Create new test type `aamtest` for accessibility API testing by spectranaut · Pull Request #57696 · web-platform-tests/wpt

spectranaut · 2026-02-11T00:17:09Z

This PR adds a new test type to test accessibility APIs exposed by browsers, as defined by the ARIA, Core-AAM and HTML-AAM specifications. The RFC can be found here.

This is a potential replacement for: #53733

Instead of extending testharness, I added a new test type (aamtest) that is similar to wdspec tests and uses a lot of the same infrastructure. This idea came from @foolip in this comment on the RFC, and I think it looks good!

To run tests on Linux:

On Debian distros:
apt install libatspi2.0-dev libcairo2-dev libgirepository1.0-dev

# Chrome
./wpt run chrome wai-aria-aam/role/blockquote_tentative.py

# Chromium
./wpt run  --binary <chromiumbinary> chromium wai-aria-aam/role/blockquote_tentative.py

# Firefox (needs --no-headless explicitly set)
./wpt run --no-headless firefox wai-aria-aam/role/blockquote_tentative.py

On Mac:

Run chrome tests with --no-headless. Safari does not yet support this test type.

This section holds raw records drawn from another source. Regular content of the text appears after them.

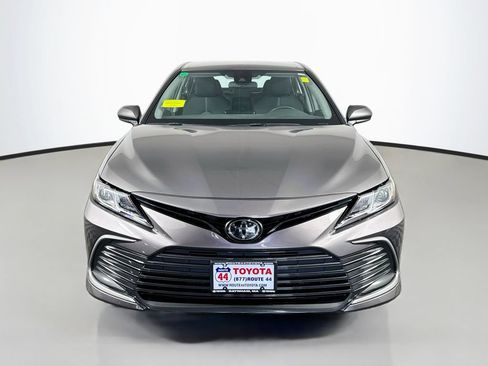 Used 2024 Toyota Camry LE FWD image 11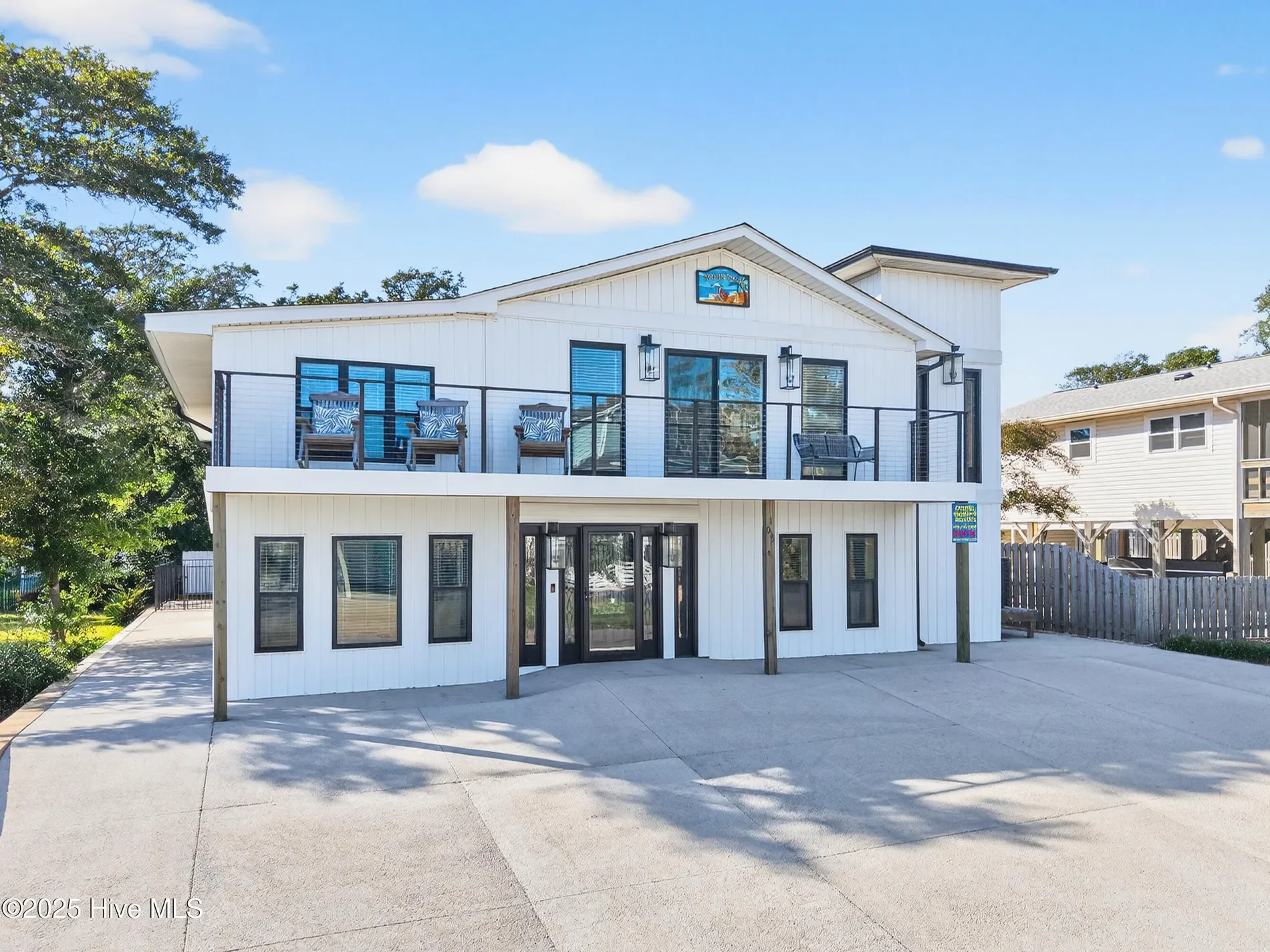 105 SE 53rd Street, Oak Island, North Carolina, United States. - Photo 3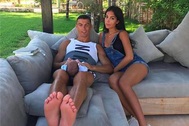 Nhờ người đẻ thuê, C.Ronaldo bị cựu Hoa hậu Mỹ lên án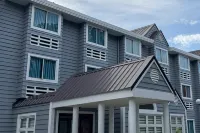 Microtel by Wyndham Eagle Ridge Hotels in Indang
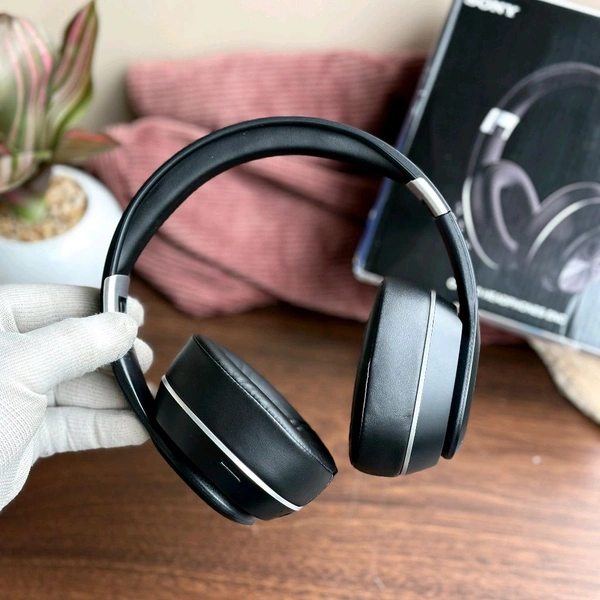 First Time In India 1:1 Master Replica High End Quality Headphone With Original Box Packaging (Pack Of 1)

community-tc-integration · 2026-02-11T20:24:29Z

Uh oh! Looks like an error!

Client ID static/taskcluster/github does not have sufficient scopes and is missing the following scopes:

{
  "AnyOf": [
    "queue:rerun-task:taskcluster-github/RBJqfU0pQ82PBMqZMXxGYw/RqnO5x7vQu-LPaJ5z8Ue5w",
    "queue:rerun-task-in-project:none",
    {
      "AllOf": [
        "queue:rerun-task",
        "assume:scheduler-id:taskcluster-github/RBJqfU0pQ82PBMqZMXxGYw"
      ]
    }
  ]
}

This request requires the client to satisfy the following scope expression:

{
  "AnyOf": [
    "queue:rerun-task:taskcluster-github/RBJqfU0pQ82PBMqZMXxGYw/RqnO5x7vQu-LPaJ5z8Ue5w",
    "queue:rerun-task-in-project:none",
    {
      "AllOf": [
        "queue:rerun-task",
        "assume:scheduler-id:taskcluster-github/RBJqfU0pQ82PBMqZMXxGYw"
      ]
    }
  ]
}

method: rerunTask
errorCode: InsufficientScopes
statusCode: 403
time: 2026-02-11T20:24:29.184Z

spectranaut · 2026-02-11T22:08:35Z

@jcsteh -- I'd love your early feedback on this completely new direction to add AAM tests, the tests are like the wpt's webdriver spec tests, all in python!

Look at the blockquote test.

The APIs are passed to the test as arguments ("fixtures" in pytest speak -- defined in wai-aria-aam/support/fixtures_a11y_api.py). The atspi argument is a AtspiWrapper object, and the axapi argument is a AxapiWrapper object, and the ia2 argument is a Ia2Wrapper object.

You can see these tests already in the wpt.fyi for this PR: https://wpt.fyi/results/?label=pr_head&max-count=1&pr=57696

jcsteh · 2026-02-12T07:47:48Z

@spectranaut Thanks for the early ping and for your work on this. This looks really neat!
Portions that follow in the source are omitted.